There’s been no shortage of talk about bringing a grocery store to downtown Rahway over the years. It’ll be interesting to see what location/developer the city has recruited considering there aren’t too many parcels left downtown that are big enough to accommodate even a Trader Joe’s-sized shop.
The full State of the City can be found here. I encourage you to read it in its entirety but if the ~2,800 words are too much, here are some other highlights and redevelopment-related items:
- The city this year will launch an app for both Android and Apple devices. This comes on the heels of last year’s revamped website, along with what the mayor said was an increased social media presence, updated TV-34, and more community-wide events “better hear the needs of our community.” There were no other details about the app or whether it would incorporate an app created by the Redevelopment Agency several years ago or also include the Rahway Arts and Business Partnership (which has considered an app) and other city-related entities.

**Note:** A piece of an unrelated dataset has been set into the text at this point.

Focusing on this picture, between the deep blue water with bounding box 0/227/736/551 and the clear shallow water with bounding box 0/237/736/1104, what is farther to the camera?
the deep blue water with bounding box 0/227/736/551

- Thirty new businesses opened in Rahway last year, according to the mayor (most of which were chronicled in quarterly posts here about retail/commercial turnover). In addition to IMM’s planned move downtown, Steinman said a “biotech graphic technology” company will relocate from Somerset County, bringing 20 employees to start. There’s also a “successful restaurateur from a neighboring community” who will open two downtown locations, and a Latin Soul food restaurant will open this year from “one of Rahway’s own residents,” he said.
As for specific development projects:
Substantial progress has been made on Meridia Lafayette Village, the 115-unit, five-story project at Main and Monroe streets. It is expected to open this year.

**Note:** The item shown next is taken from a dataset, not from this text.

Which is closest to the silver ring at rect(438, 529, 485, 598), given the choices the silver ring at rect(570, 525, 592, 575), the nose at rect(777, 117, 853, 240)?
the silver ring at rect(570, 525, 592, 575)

- Demolition of the old Wheatena and Quinn & Boden buildings on Elizabeth Avenue eventually will make way for the 489-unit Brownstones project, which the mayor said will remediate a “severely contaminated site.”
- Developer R2N2 plans to begin this summer on a 45-unit project on East Cherry Street that will include a coffee shop cafe in its ground-floor retail space.

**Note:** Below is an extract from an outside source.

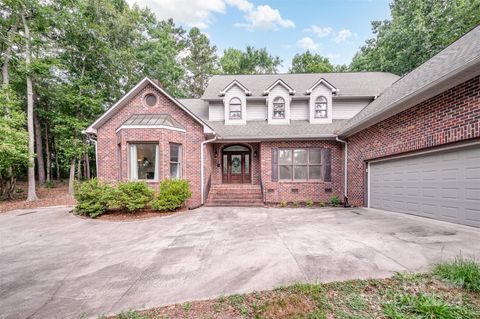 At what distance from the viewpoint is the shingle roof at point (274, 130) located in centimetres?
952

- The two-building, 208-unit Main and Monroe project should break ground by the end of this year. It’s been held up by a dispute over parking and also must be coordinated with R2N2 project because of the planned extension of Monroe Street.
Other items of note:
- The city has collected more than $250,000 in annual revenue through its foreclosure registry. The registry was created after new state legislation was enacted, allowing towns to monitor foreclosed and vacant properties to make sure they are “safe, free from intrusion,” and kept consistent to the city’s standards. The city enacted a foreclosure registry in 2014. A review of the registry last fall estimated more than 300 foreclosed or vacant properties at the time [map] .
- The mayor will make a recommendation to City Council next month that would reduce the number of departments from nine to eight, including “redefinition of employee roles” and other training, that he estimates will save at least $250,000 in the first year and more in the next few years.
On a lighter note unrelated to redevelopment, congratulations to the mayor on achieving his goal — and then some — in the 2014 Mayor’s Wellness Challenge. He took the pledge to lose 10 percent of his body weight and said in his State of the City that he’s lost 100 pounds, well over 10 percent, “and still working hard.”